*EXERCISE GOAL:*
Set down the line containing "Lei Marta Isabelle, de" and each line after it through the last line of the records, exactly, leaving pictures out.

Captioned web image data

══════════════════════════════

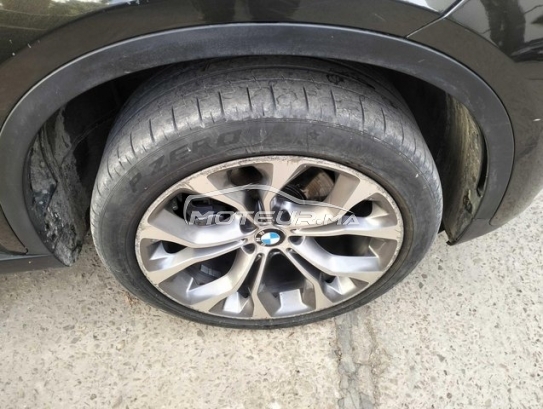 BMW X6 occasion 3473310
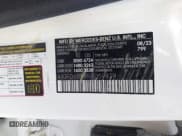 ✅ 2024 Mercedes-Benz GLE 53 AMG • VIN: 4JGFD6BB9RB059819 • Lot: 43197349. Wystawiony na IAAI z przebiegiem Nie podano. Bezpłatny archiwum sprzedaży aukcyjnych z USA i szczegółowy raport historii pojazdu na DreamBid. Zdjęcie 9.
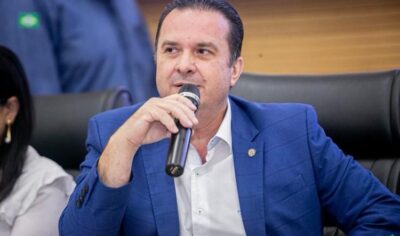 Lei Marta Isabelle, de Dr. Luís do Hospital, fortalece busca ativa escolar em Rondônia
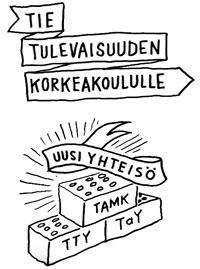 Yliopistossa noin 15000 tutkinto-opiskelijaa LUO tiedekunnassa noin 1300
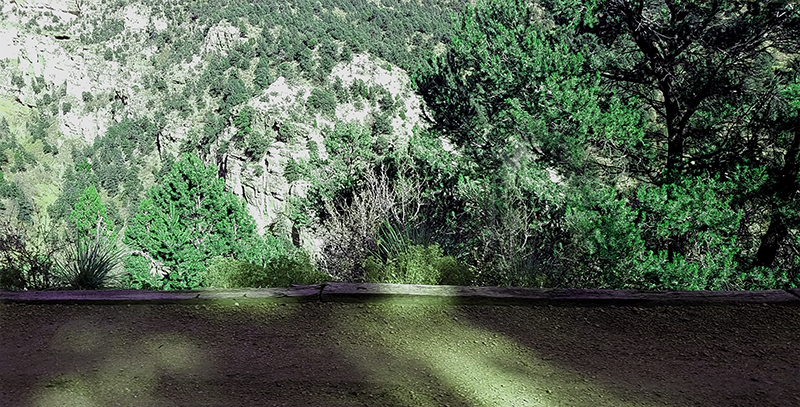 Mountain Driving – Watch the&nbsp;Edges!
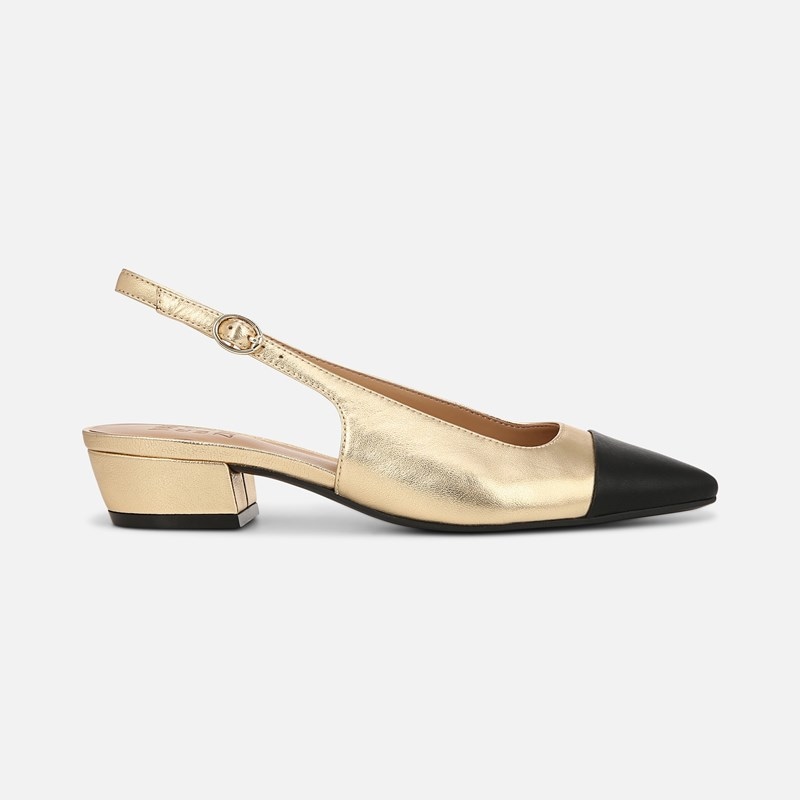 Banks Slingback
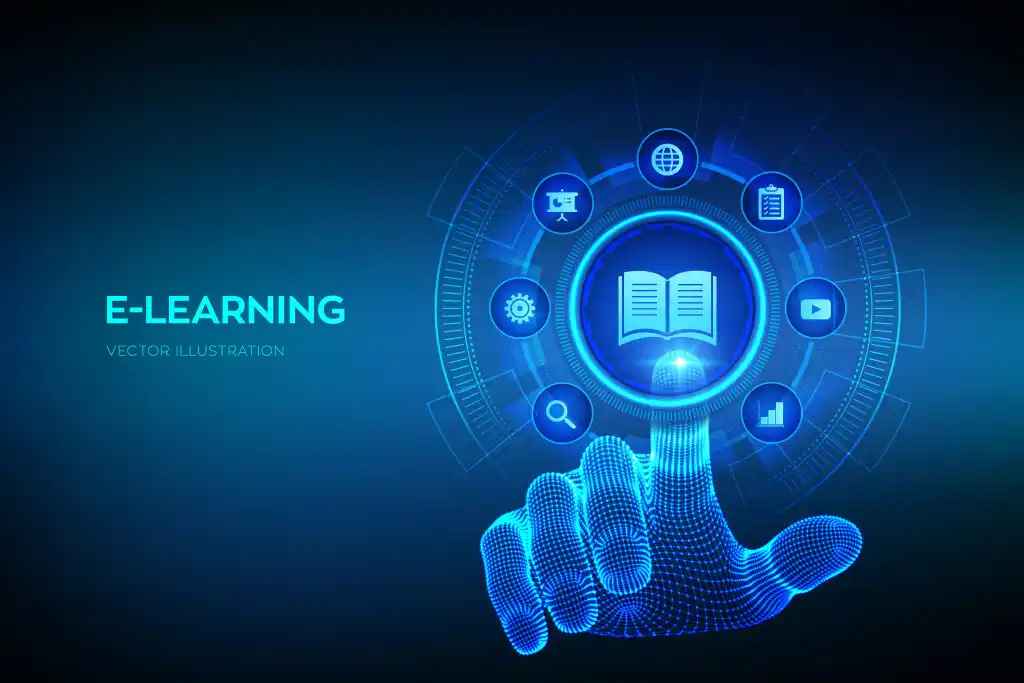 AI in eLearning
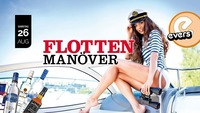 Flotten Manöver @Evers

══════════════════════════════

*EXERCISE OUTPUT:*
 Lei Marta Isabelle, de Dr. Luís do Hospital, fortalece busca ativa escolar em Rondônia
 Yliopistossa noin 15000 tutkinto-opiskelijaa LUO tiedekunnassa noin 1300
 Mountain Driving – Watch the&nbsp;Edges!
 Banks Slingback
 AI in eLearning
 Flotten Manöver @Evers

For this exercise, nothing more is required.